Review of Cabaret

Cabaret (1972)
9/10
"Come Hear The Music Play"
10 June 2009
Two of the most successful movie musicals adapted from Broadway shows are The Sound Of Music and Cabaret. Of course what could Maria Von Trapp and Sally Bowles possibly have in common, other than the times they live in and how they dealt with them.

Cabaret takes place at the tail end of the Weimar Republic era as Sally and her crowd party on while Germany is surrendering its freedom to an authoritarian minded party and its leader. Liza Minnelli is Sally Bowles in what is her career screen role.

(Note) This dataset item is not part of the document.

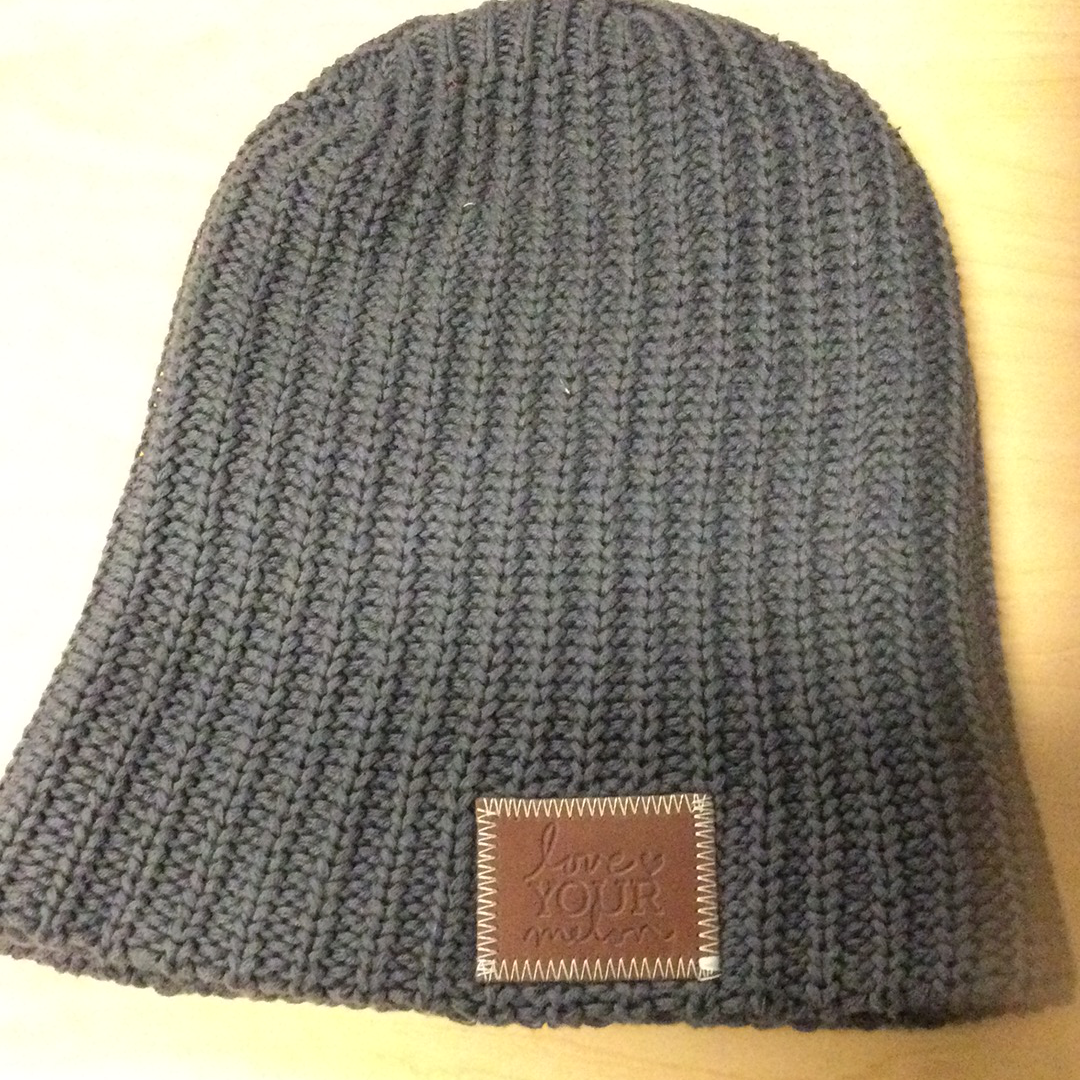 LYM  Beanie Brown Patch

With the fading away of the musical genre, we don't get to see Liza Minnelli too often as a singer so be grateful that Cabaret is recorded and popularly available. Her role also calls for a great actress as well, so small wonder she won an Oscar in 1972 as Best Actress. Her award was one of eight that Cabaret received.

Cabaret ran for 1165 performances from 1966 to 1969 on Broadway and it was reversed there in terms of casting. On stage it was an English woman and an American man expatriate it Weimar Berlin and starred Jill Haworth and Bert Convy. Michael York took the role of the rather naive young man who while renting a room, falls in with Liza Minnelli and her hedonistic lifestyle.

Repeating his role as the Cabaret emcee is Joel Grey who was the Best Supporting Actor for 1972. I think it would have almost been impossible to do a film version of Cabaret without Grey. He's one fey and evil man who is quite willing to adapt to the new Germany. My guess is he found a boyfriend later on in Ernest Roehm's SA and later paid dear for it, either killed during the Night Of the Long Knives or died in one of the camps.

I've always loved the contrast between the Von Trapp family who saw what was coming to Austria and took measures to flee and Sally Bowles who kept on in her words, going like Elsie. York could see what was coming as did many others in her crowd. One can only hope she did eventually.

Liza Minnelli's best song was one especially written for the screen version by songwriters John Kander and Fred Ebb. With all the awards Cabaret won, amazingly that Maybe This Time didn't even rate a nomination for Best Original Song. In an era when good film songs were at a premium, that was inexcusable.

One other comparison with Sound of Music. The song sung by the young Aryan pure Germans, Tomorrow Belongs To Me is a frightening number. I could see young Rolf who became a Nazi while courting the Von Trapp eldest being part of that.

Cabaret is a film guaranteed to last forever, something that will never date and something we always have to be reminded about.